= Beginning of Section =
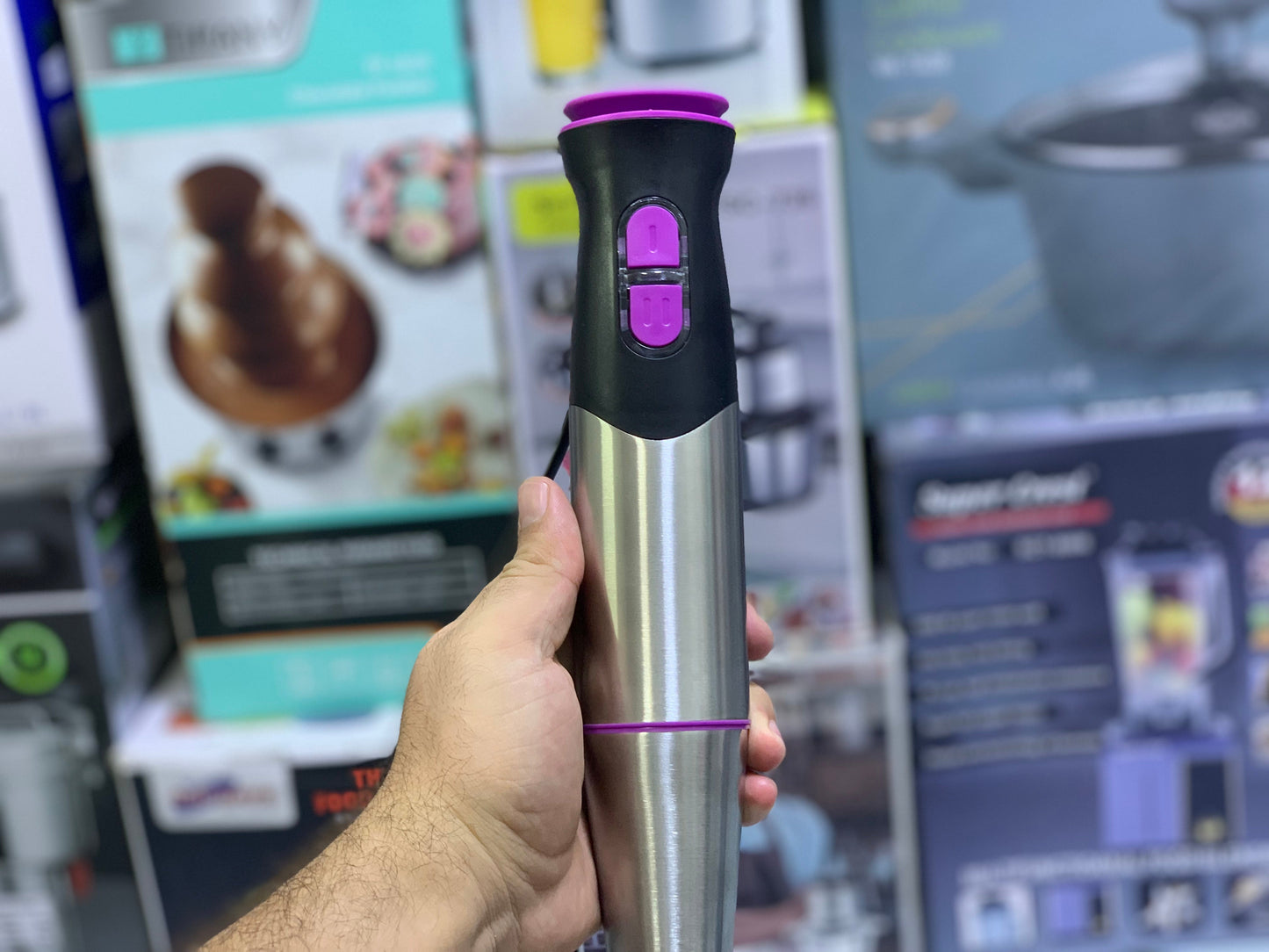 Sokany Hand Blender Stick|700W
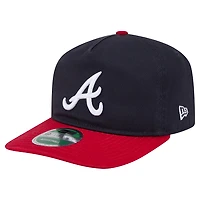 Men's New Era  Navy Atlanta Braves Team 19TWENTY Adjustable Hat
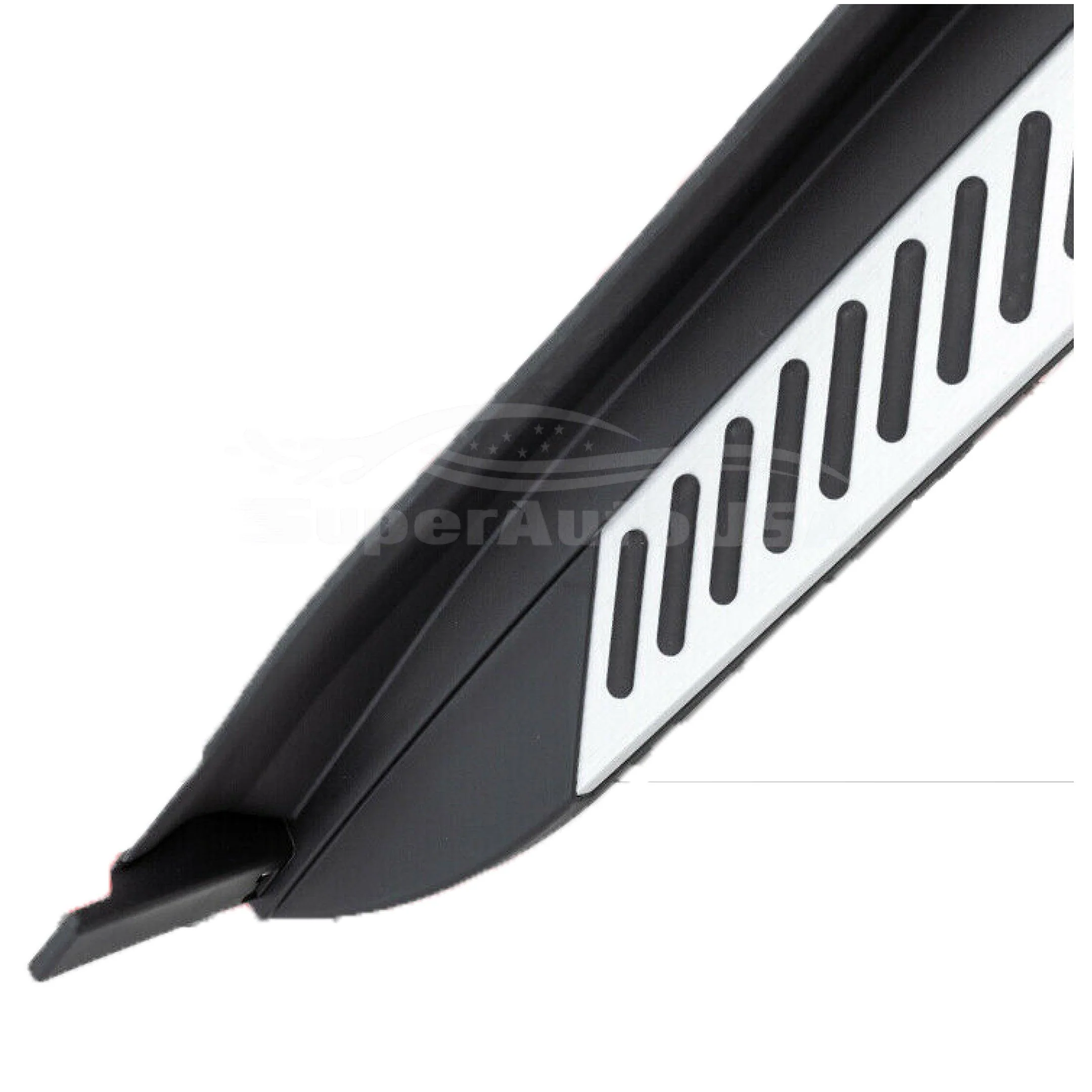Fit 2018-2020 BMW X3 X4 Running Board Side Step Nerf Bars Pair Aluminum OE Style - Image 5
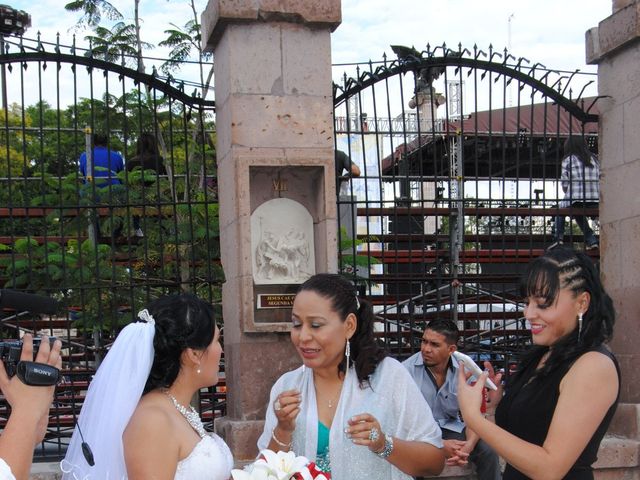 La boda de Luis Armando y Marlen Noemí en Aguascalientes, Aguascalientes 8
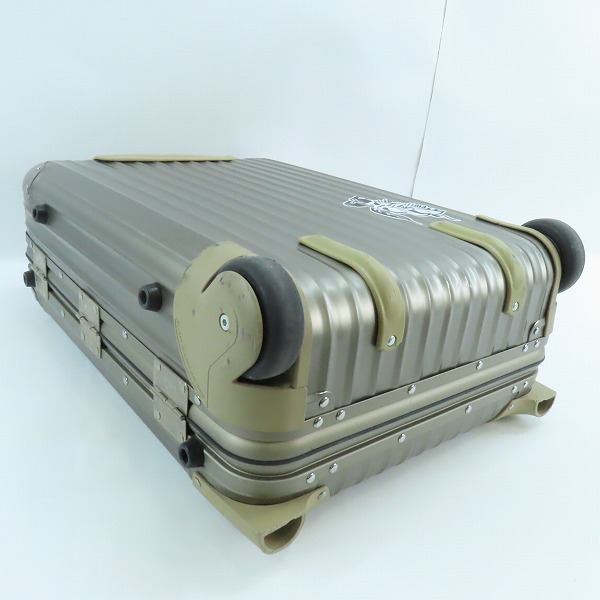 実際に弊社で買取させて頂いたRIMOWA/リモワ TOPAS TITANIUM トパーズ チタニウム 2輪 944.52の画像 2枚目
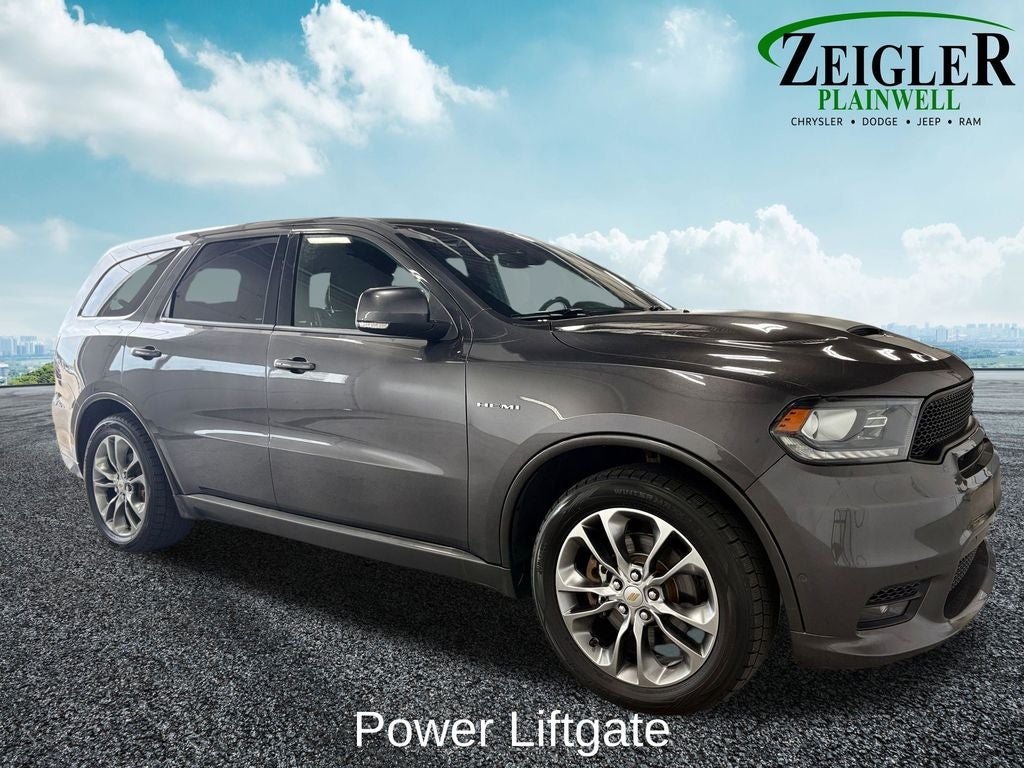 2020 Dodge Durango R/T Navigation System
= End of Section =
- **Task objective**:
Beginning with the line that contains "La boda de Luis", output every line down to the last line of the entries above exactly as written, apart from the pictures.

- **Response to the task**:
 La boda de Luis Armando y Marlen Noemí en Aguascalientes, Aguascalientes 8
 実際に弊社で買取させて頂いたRIMOWA/リモワ TOPAS TITANIUM トパーズ チタニウム 2輪 944.52の画像 2枚目
 2020 Dodge Durango R/T Navigation System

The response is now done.